On January 24, 1989, ASPC voted to merge with the National Wool Growers Association (NWGA) to form ASI. The merger of the ASPC and NWGA necessitated many corporate changes. Among those were making personnel decisions, relocating the organization, relinquishing existing office space, complying with United States Department of Agriculture regulations, and merging the accounting records of the two organizations. Changing ASPs accounting method from a cash basis system to a more complex accrual accounting system was a major result of the merger. VII R. 120. Some of these merger activities, including finalizing the new accounting system, went on for several months.
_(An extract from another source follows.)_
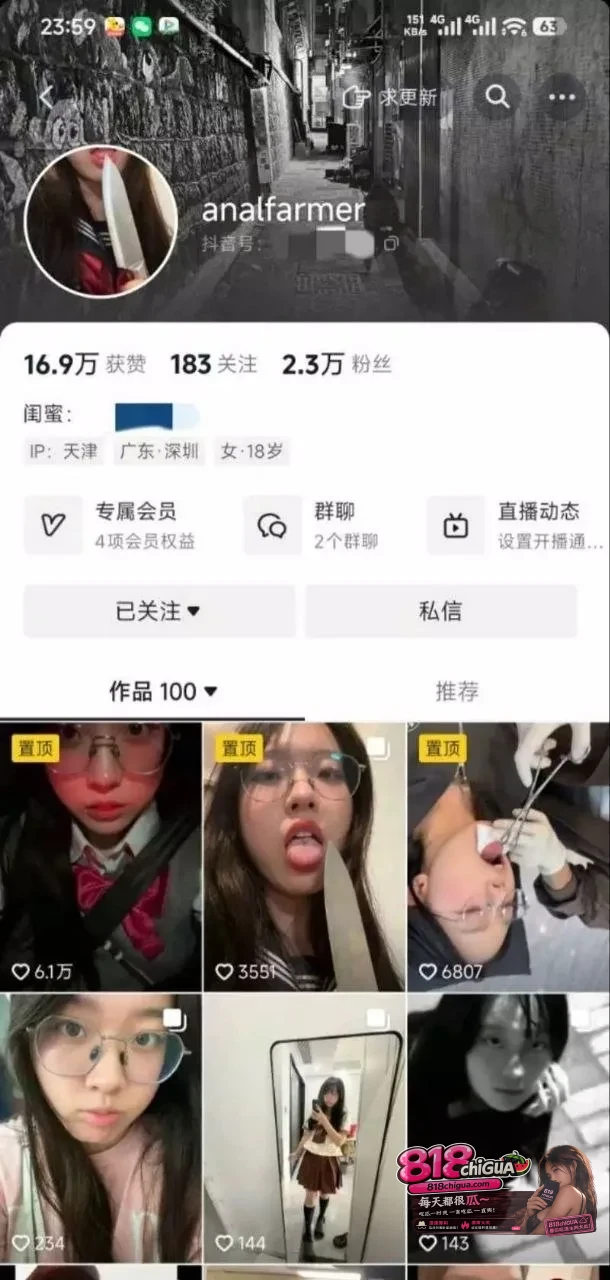 抖音网红 analfarmer 私拍泄露 清纯嫩妹饥渴淫荡 搔首弄姿被金主肉棒拿下!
Plaintiff resigned effective September 29, 1989. She was replaced shortly thereafter by a twenty-seven year old male, Paul Zulauf. Evidence at the trial focused principally upon whether plaintiff could satisfactorily perform the job she held after the merger, whether her termination was a constructive discharge, and, if so whether plaintiff rebutted the employer’s alleged nondiscriminatory business reasons for the termination. We discuss below the relevant evidence on these points that the jury could rely upon to support its verdict in favor of plaintiff.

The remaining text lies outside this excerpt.